Review by Jill Hedgecock
Imagine having a daughter who can tell if you’re lying. Imagine your son, Buddy, can see the future, but not all the details. Imagine your other son, Frankie, can move things with his mind, but because he is a chronic failure as an entrepreneur, he has gotten involved with the mob to solve his business investment debts. These are just a few of the issues that the patriarch of the family, Teddy Telemachus, must grapple with in Spoonbenders by Daryl Gregory (2017, Random House LLC, paperback, 416 pages $24.54).
Teddy, a card shark and con man who married Maureen – the real deal when it comes to supernatural powers – fathered three children with special gifts. His children’s unique talents are both a blessing and a curse. His daughter and eldest child, Irene, has also passed psychic traits on to her child (Teddy’s grandchild), Matt. Matt is 14, though his family seems to have forgotten a year and constantly calls him a 13 year-old, is a typical preteen boy in many ways.
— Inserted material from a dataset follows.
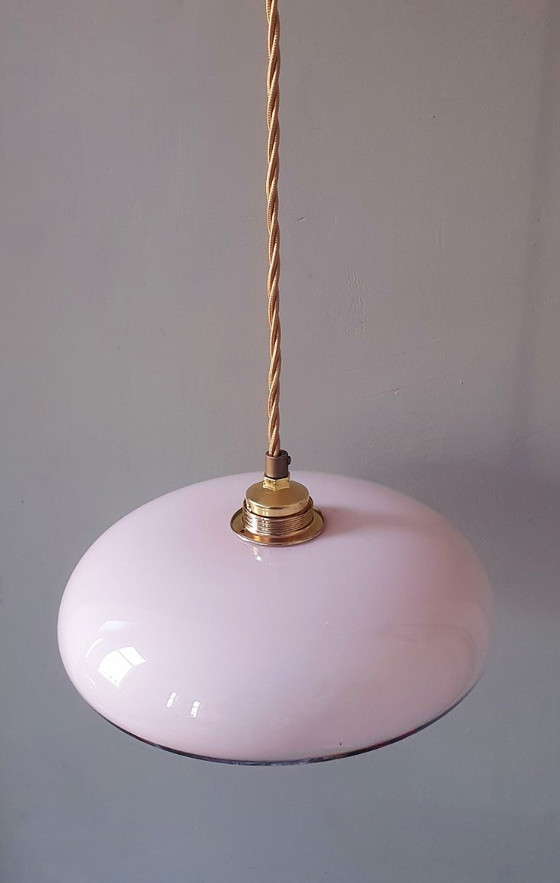 Image 1 of Lampada a sospensione vintage in vetro opalino rosa pastello con finiture dorate.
But when he accidentally discovers that his consciousness can travel outside his body and confides in his Uncle Frankie, he’s soon recruited into Frankie’s plot to steal mob money from a safe in a nearby tavern.
Meanwhile, Buddy, a grown man of few words, can’t see the whole future is trying to control the future to avoid a disastrous event called “The Zap.” As a widower, Teddy spends his free time trolling grocery stores for lady friends. Enter Graciella, a mob wife and object of Teddy’s latest infatuation. But it soon becomes apparent there’s more to this story—a lot more, and the reader soon discovers that Buddy’s visions and mobsters are inexplicably intertwined.
Amid exploring all these varied characters and their unusual lives, the backstory of how Teddy met his wife and how the government recruited her to spy on the Russians round out the story. Enormously creative and crafted, Spoonbenders, is a one-of-a-kind read filled with humor, and despite all its quirkiness manages to explore the depths of family bonds and the extraordinary resilience of humanity amid chaos.
Spoonbenders was a Nebula Award Finalist, one of NPR’s Best Books of the Year, and an Amazon Best Book. Paramount and Anonymous Content are developing it for television.
Daryl Gregory lives and writes full-time in Oakland. He is an award-winning writer of genre-mixing novels, stories, comics and even a video game. Some of his other works include a young adult novel Harrison Squared (Tor, March 2015), a Locus Award finalist, Afterparty which was an NPR and Kirkus Best Fiction book and Pandemonium, a finalist for the World Fantasy award. His novella, We are All Completely Fine, won the World Fantasy award and the Shirley Jackson award.